Technology for Developing Communities course:
- first few classes were about how technology has failed, sensitive to the needs of sustainability
- focus on participatory design
- VUnits became an on-going project - with community partners committed to sustaining them - model of TechBridgeWorld
What are students reaction to the simulated project?
- initial reaction at this time is "deer in the headlights"

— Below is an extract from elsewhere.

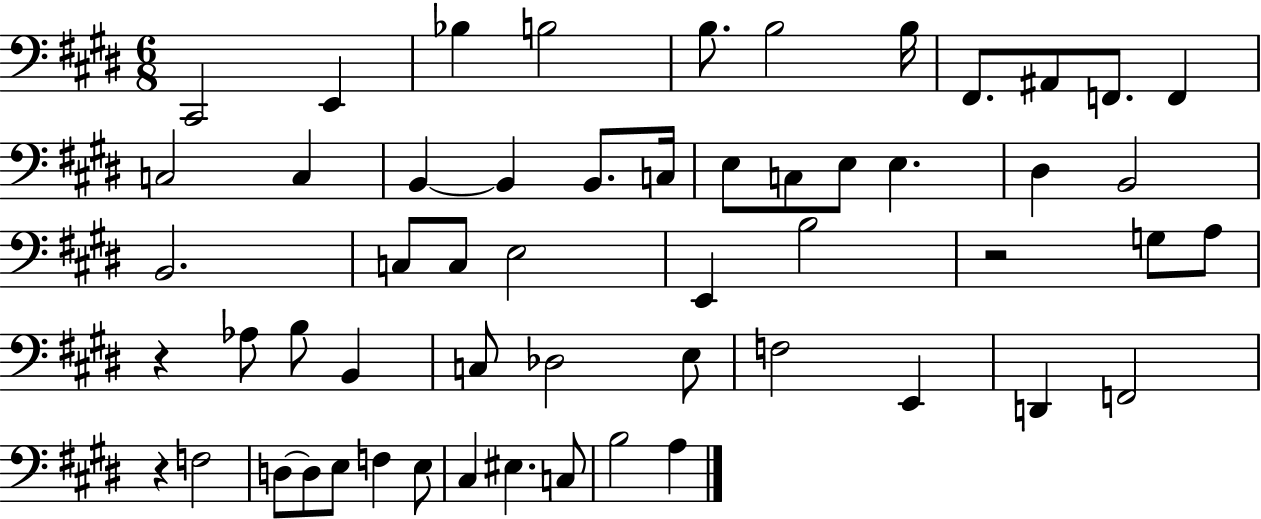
C#2/h E2/q Bb3/q B3/h B3/e. B3/h B3/s F#2/e. A#2/e F2/e. F2/q C3/h C3/q B2/q B2/q B2/e. C3/s E3/e C3/e E3/e E3/q. D#3/q B2/h B2/h. C3/e C3/e E3/h E2/q B3/h R/h G3/e A3/e R/q Ab3/e B3/e B2/q C3/e Db3/h E3/e F3/h E2/q D2/q F2/h R/q F3/h D3/e D3/e E3/e F3/q E3/e C#3/q EIS3/q. C3/e B3/h A3/q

- still have yet to see results since it is going on right now
Has anyone else done work in this area?
Response from a 1st year MS student in robotics at MIT 2 projects:
- Africa Technology Initiative - taught in Kenya - started by students from Kenya at MIT
- students go to Ghana, Kenya, Ethiopia and teach a 6-week course in Java and entrepreneurial software engineering
- makes them competitive in job market, even globally
- Israel - taught Palestinian & Israeli high school students within a conflict resolution model
- taught Java - students who are supposed to hate each other come together to learn and work on a project together
- establish good business and technical partnerships
Any collaborations with other universities?
- Wary of growing too big too soon - might fall flat
- Model is to do smaller things and learn from mistakes as we go
- Have done several projects for 2 years, now ready to start partnering with other universities
- any models of how to collaborate?
- need to find a model that works first
from Sally Ride's talk: "How to stay globally competetive?" But how about being globally collaborative instead?